━━━━━ RECORDS FOR THE TASK
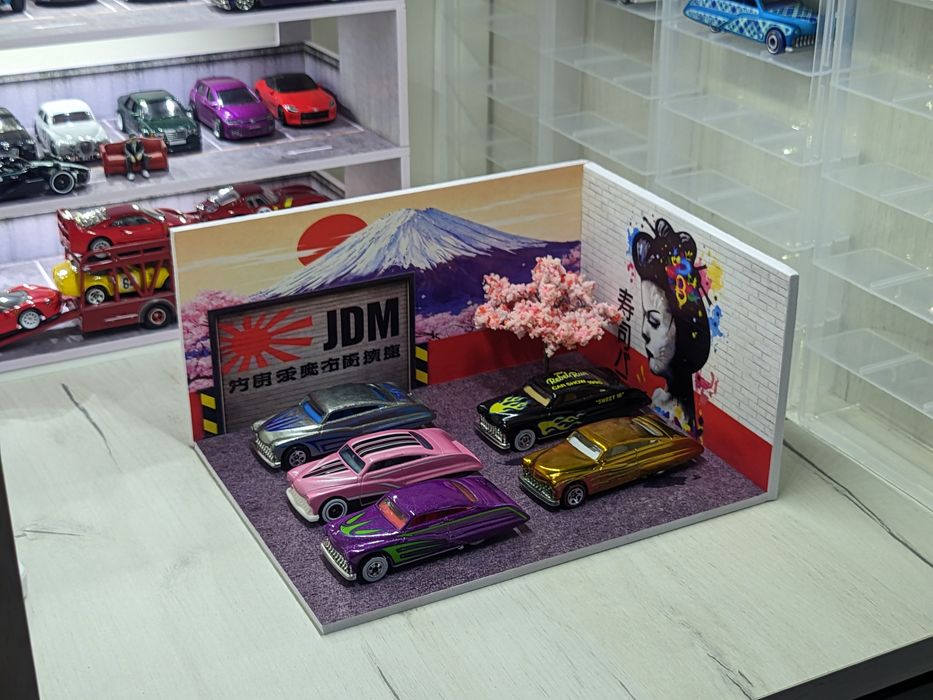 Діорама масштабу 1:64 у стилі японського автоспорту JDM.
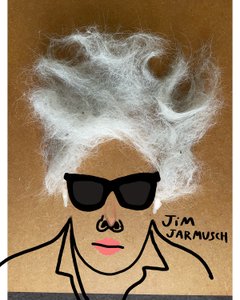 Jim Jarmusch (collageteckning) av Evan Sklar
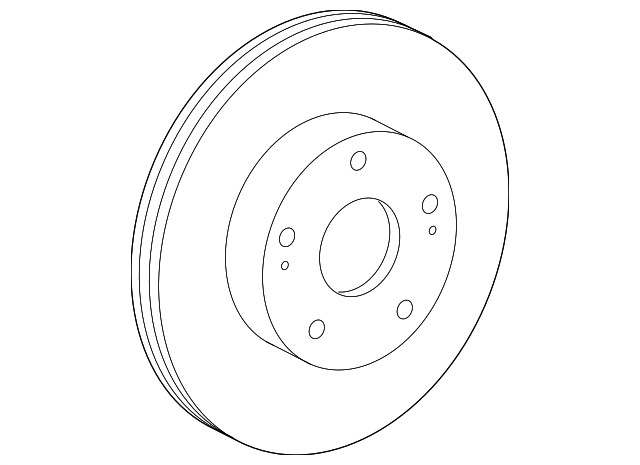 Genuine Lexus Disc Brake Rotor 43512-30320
━━━━━━━━━━
━━━━━ RECORDS FOR THE TASK
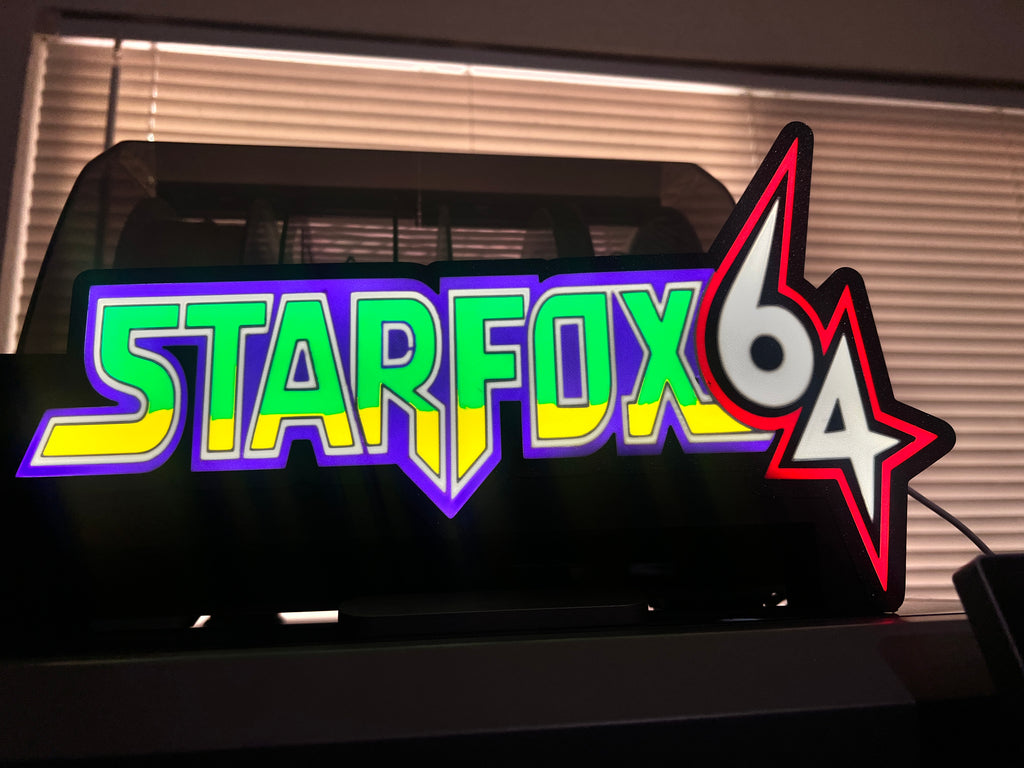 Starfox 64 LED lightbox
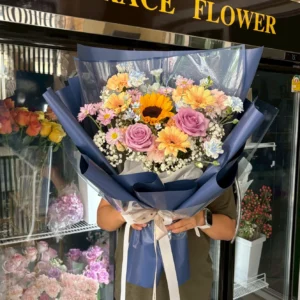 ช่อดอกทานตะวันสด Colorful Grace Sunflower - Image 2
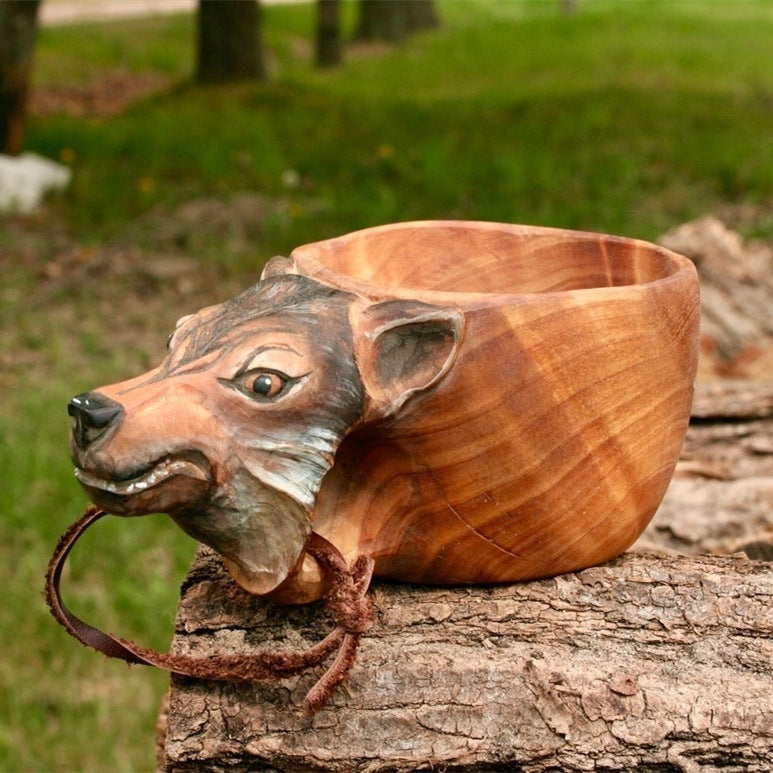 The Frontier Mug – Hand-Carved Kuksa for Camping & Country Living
━━━━━━━━━━
*DESCRIPTION OF THE TASK:*
Leave the pictures out. Output, exactly, the lines of the material above starting at the line containing "Діорама масштабу 1:64" and ending at the line containing "Genuine Lexus Disc Brake Rotor 43512-30320".

*SOLUTION FOR THIS EXERCISE:*
 Діорама масштабу 1:64 у стилі японського автоспорту JDM.
 Jim Jarmusch (collageteckning) av Evan Sklar
 Genuine Lexus Disc Brake Rotor 43512-30320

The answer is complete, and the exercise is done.